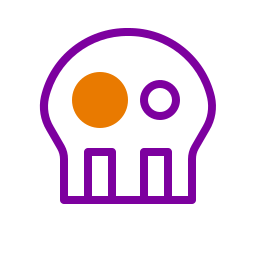 Skull icon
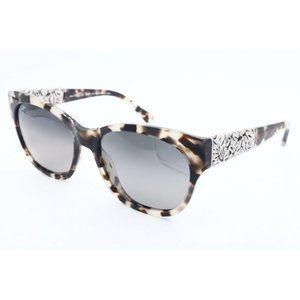 Maui Jim MONSTERA LEAF MJ 747-05T Havana Sunglasses Gray Polarized Lens 57mm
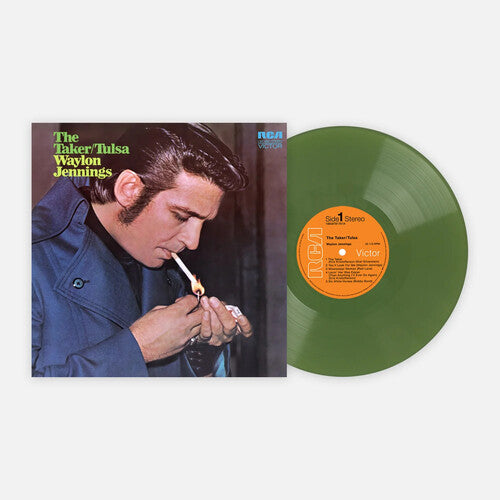Waylon Jennings: Taker/Tulsa - 180-Gram Green Colored Vinyl ( RECORD )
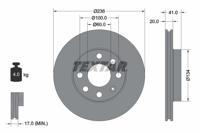 Textar Remschijven 92029603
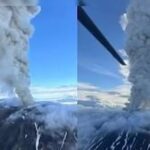 ரஷ்யாவில் 600 ஆண்டுகளுக்கு பிறகு வெடித்த எரிமலை!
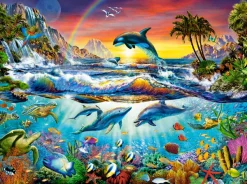 Castorland L'Anse du Paradis* De 3 000 Pièces|De 3 000 Pièces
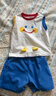 巴拉巴拉寶寶短袖套裝男童T恤夏裝兒童褲子2024童裝洋氣208224119103 曬單實(shí)拍圖
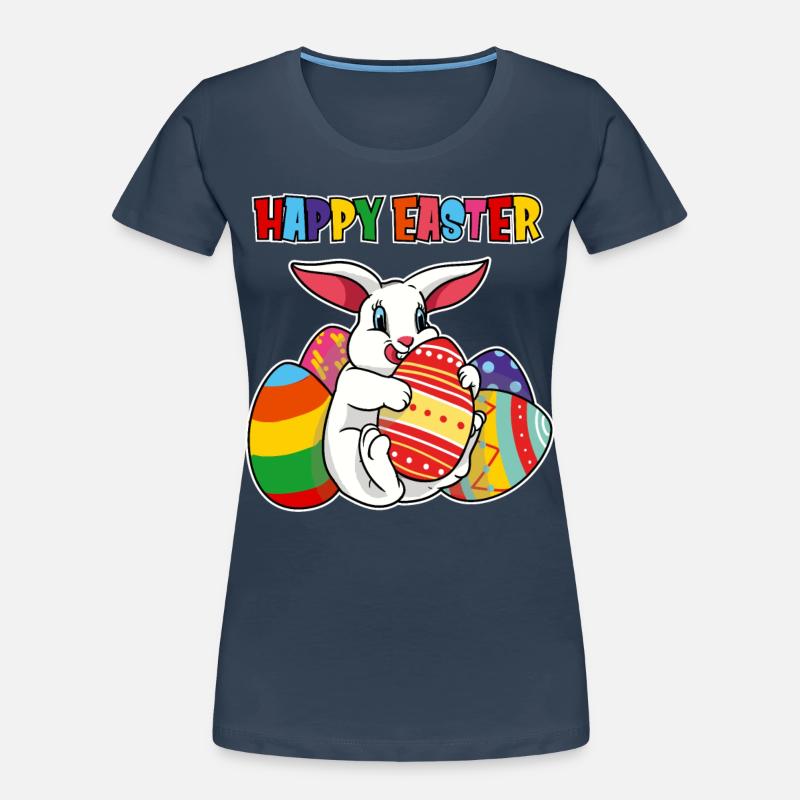 Happy Easter Egg Hunt Happy Easter Women's Premium Organic T-Shirt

■ What is needed
Copy exactly the lines from the line holding "Maui Jim MONSTERA" to the final line of the listing, and leave the pictures out.

■ Result for this exercise
 Maui Jim MONSTERA LEAF MJ 747-05T Havana Sunglasses Gray Polarized Lens 57mm
Waylon Jennings: Taker/Tulsa - 180-Gram Green Colored Vinyl ( RECORD )
 Textar Remschijven 92029603
 ரஷ்யாவில் 600 ஆண்டுகளுக்கு பிறகு வெடித்த எரிமலை!
 Castorland L'Anse du Paradis* De 3 000 Pièces|De 3 000 Pièces
 巴拉巴拉寶寶短袖套裝男童T恤夏裝兒童褲子2024童裝洋氣208224119103 曬單實(shí)拍圖
 Happy Easter Egg Hunt Happy Easter Women's Premium Organic T-Shirt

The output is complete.